For WRITTEN ANSWER on 08/07/2014
It is important to acknowledge that commercial rates, as a source of revenue, and the rating system generally, are deeply embedded in the local government system. Rates income is a very important contribution to the cost of services provided by local authorities such as roads, public lighting, development control, parks and open spaces. All rates collected within a local authority area are spent exclusively in delivering the public services which are required locally and help to create the environment in which businesses can prosper. Locally elected members adopt the annual rate on valuation (ARV) they consider necessary in order to provide the required services. Rates are a stable source of financing for local government which is not affected unduly by short-term changes in economic circumstances. A system having regard to economic factors such as fluctuations in supply and demand, inherent in the property letting market on an ongoing basis would create uncertainty by providing for continuous change to thevaluation base. Such a system would not provide a stable basis for funding local government and would require significant additional resources to operate.
The levying of rates on commercial property by reference to movements in the letting market rather than valuation would be a significant change and a departure from the long-standing practice of levying rates by reference to property values. The introduction of such a system for rating purposes would not be suitable because supply and demand in the property market can vary significantly from year to year and within and between the various business sectors which would lead to an unstable and volatile valuation base. Therefore, I have no plans to change the method by which valuations are assessed for rating as such a radical move would represent a significant departure from the long-standing practice of levying rates solely by reference to property values.
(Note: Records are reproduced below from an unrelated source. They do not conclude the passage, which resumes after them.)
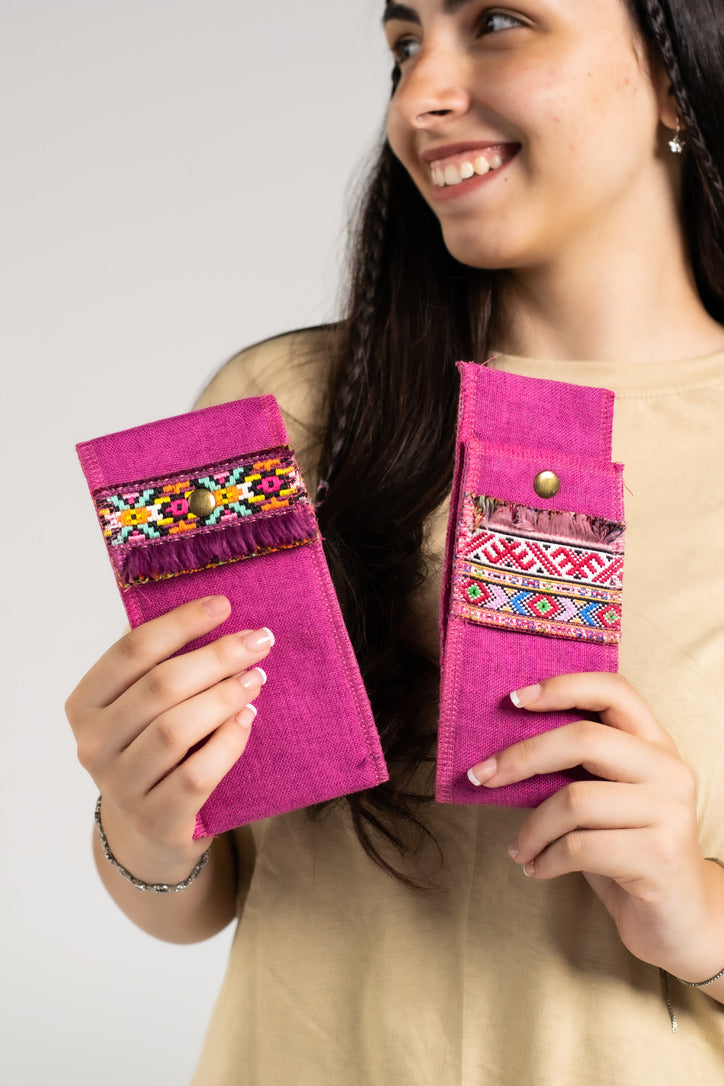 Small Pink Fabric Bag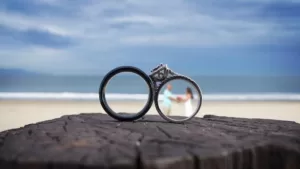 Wedding Ceremony beach with wedding ring | edtechreader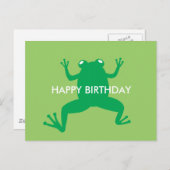 Cooler Frosch Postkarte (Vorne/Hinten)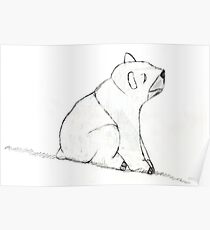 Bear On A Hill Poster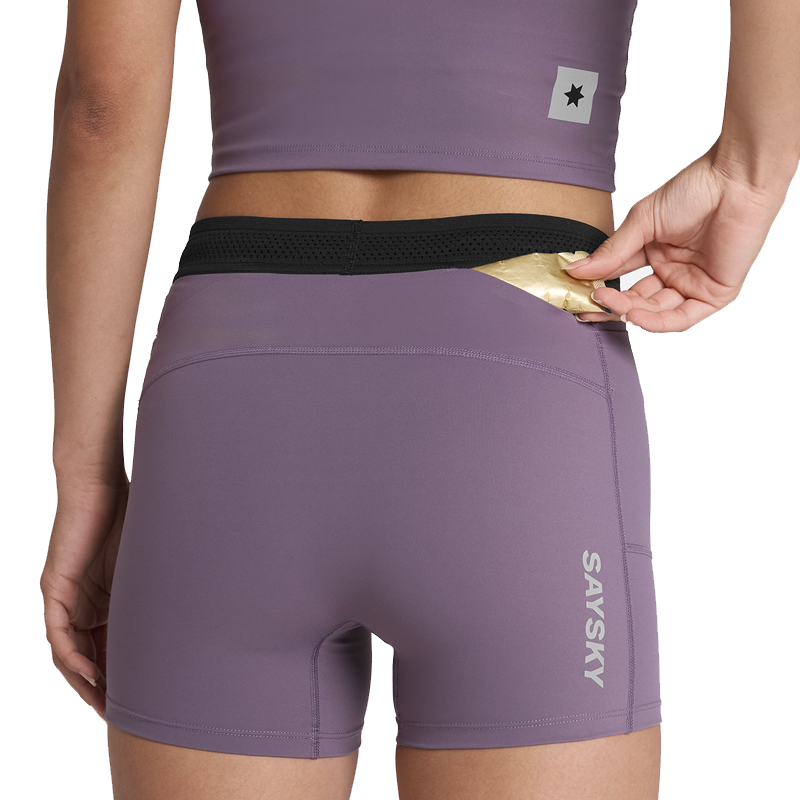 Saysky - Flow+ Short Tights 4" - Purple - Women's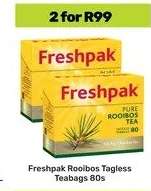 Freshpak Rooibos Tagless Teabags 80s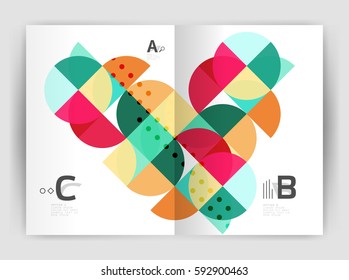 Abstract background with color triangles, annual report print backdrop. Vector design for workflow layout, diagram, number options or web design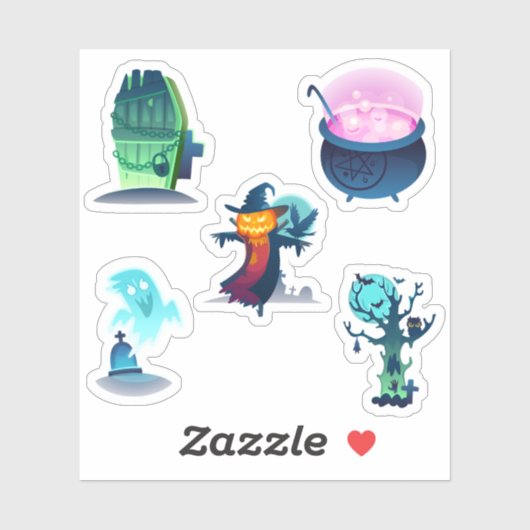 Halloween-Party-Design Aufkleber (Blatt)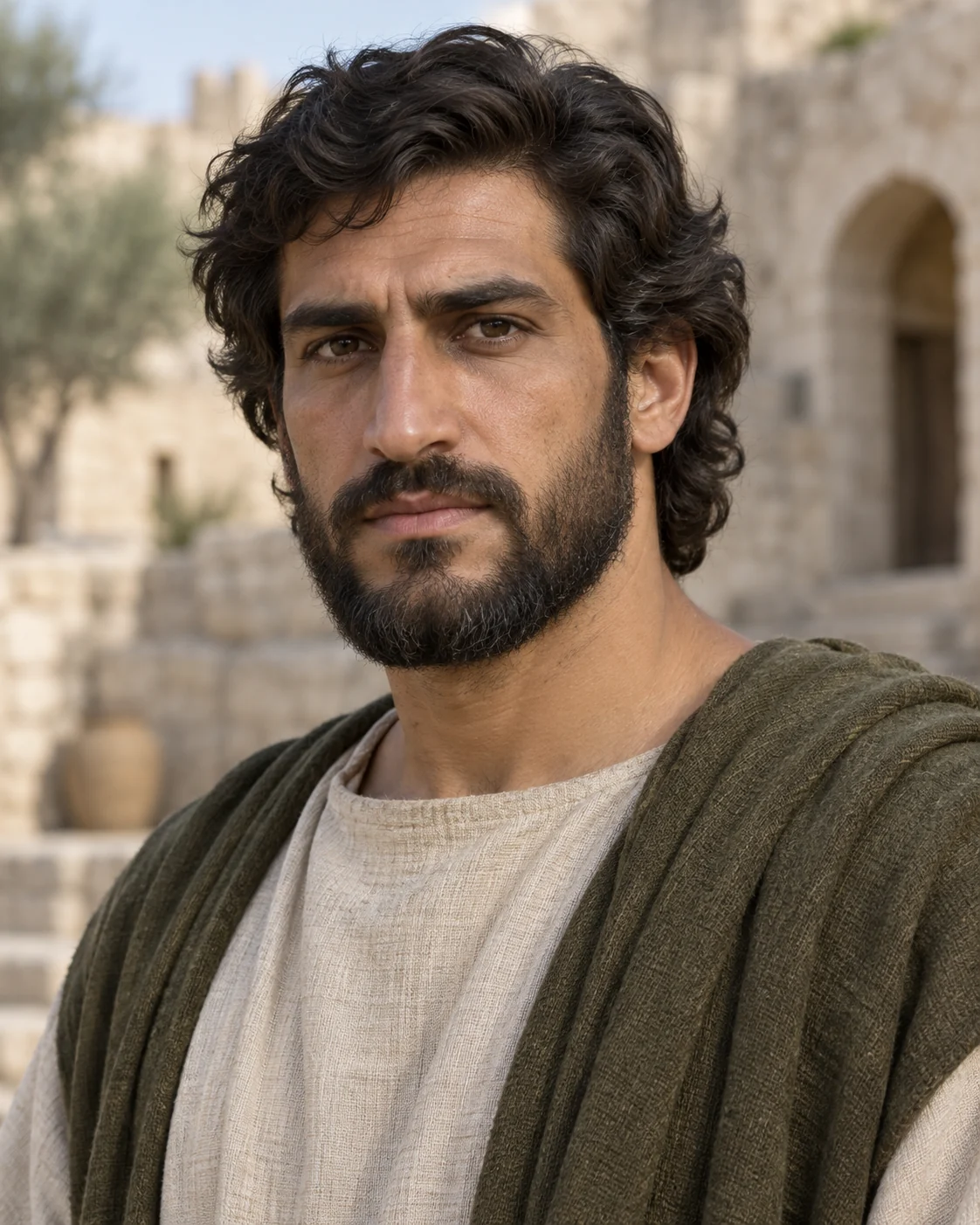 Photorealistic artistic reconstruction of Ahaz; exact appearance and garment details are uncertain.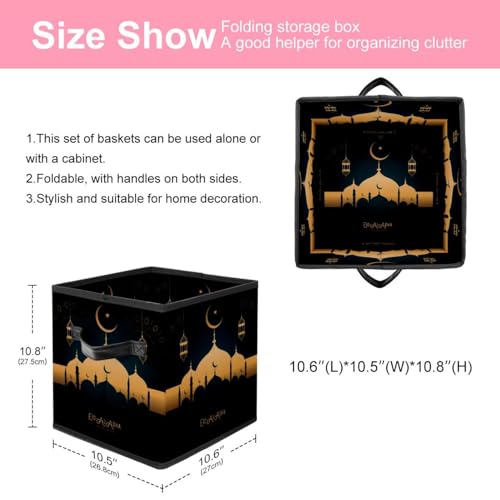 Boîte de rangement pliable cube pour éliminer le désordre - 3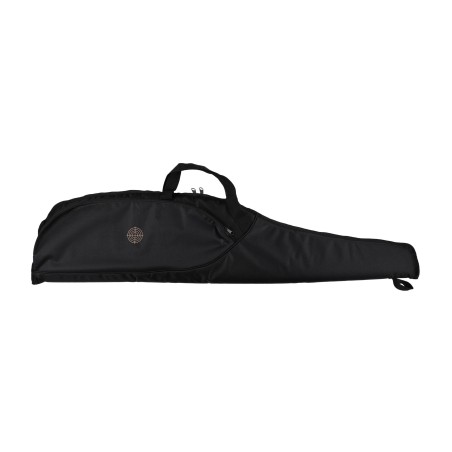 Pokrowiec na broń Forsport 125 cm - czarny, haft beżowa tarcza, biza czarna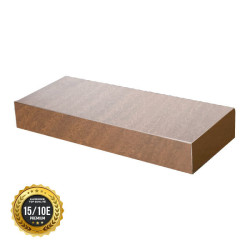 Fond alu premium effet corten pour couvertine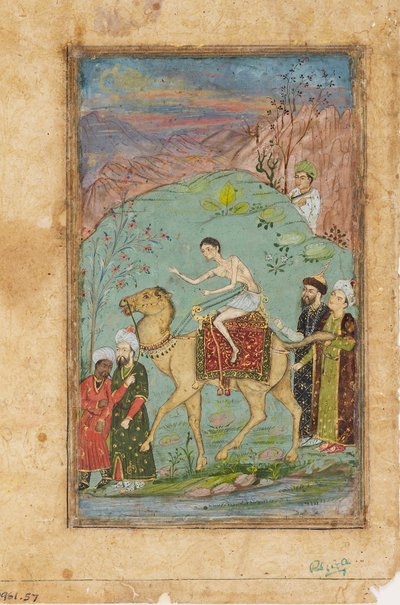 Majnun auf einem Kamel, 19. Jahrhundert von Unbekannt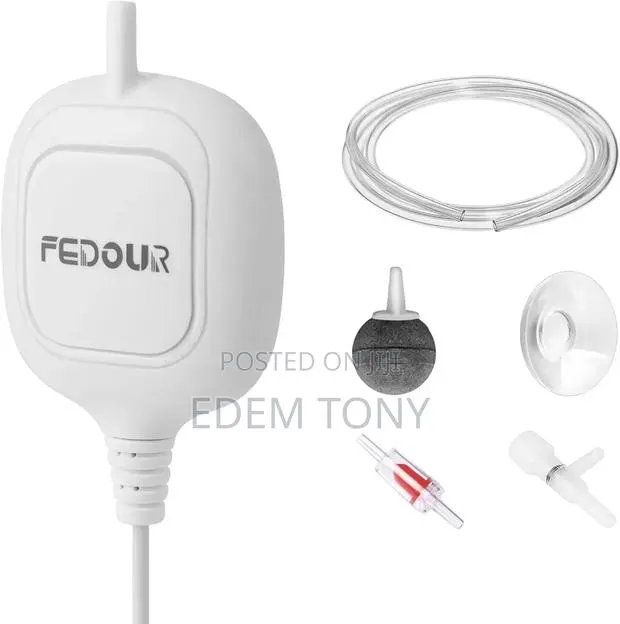 FEDOUR Mini Aquarium Air Pump, Nano Ultra Quiet Fish Tank Aerator · Photo 1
The Valuation Act, 2001 provides for two key elements in the provision and maintenance of the valuation lists for rating – revision and revaluation. The revision process provides for the updating of valuation lists so that new properties can be valued and added to the list, improved and extended properties can have their valuations updated and properties that have been demolished in whole or in part can have their valuations amended or struck out as appropriate.
Under the current provisions of the Act, an owner/occupier of an individual business premises who has concerns about the valuation of their property or any part thereof, including its rateability or the method of calculation may apply to the Valuation Office for a revision of the valuation. A Revision Officer is then appointed, who may carry out a revision of valuation in relation to a particular property only if a material change of circumstances (MCC) has occurred since the property was last revised. MCC is defined in section 3 of the Act as a change of circumstances, which consist of a new building, a change in value due to structural alterations of an existing building, total or partial demolition of a building or a sub-division or amalgamation of relevant property. The definition, however, does not allow for a revision of valuation where the change in value is due to economic factors, differential movements in property values or other external factors such as road or other infrastructural development in the vicinity of a property.
The revaluation provisions in the Act provide for the revaluation of all rateable property within a rating authority area so as to reflect changes in value due to economic factors, differential movements in property values or other external factors such as road or other infrastructural development in the vicinity of a property. The purpose of revaluation is to bring more equity, fairness and transparency into the local authority rating system – distributing the commercial rates liability more equitably between ratepayers. Following revaluation, there will generally be a much closer and uniform relationship between rental values of property and their commercial rates liability. In essence, the exercise aims to ensure that each ratepayer bears a fair share of the rates burden relative to the value of the property that they occupy. It is not the purpose of revaluation to increase the total amount of rates collected by local authorities. In fact, the relevant legislation (Valuation Act, 2001 and the Local Government Business (Improvements Districts) Act, 2006 provides that the commercial rates income of local authorities in the year following revaluation is capped.
The Valuation Office is currently engaged in a national revaluation programme, the immediate objective of which is is to ensure that the first revaluation of all rating authority areas is conducted as soon as possible.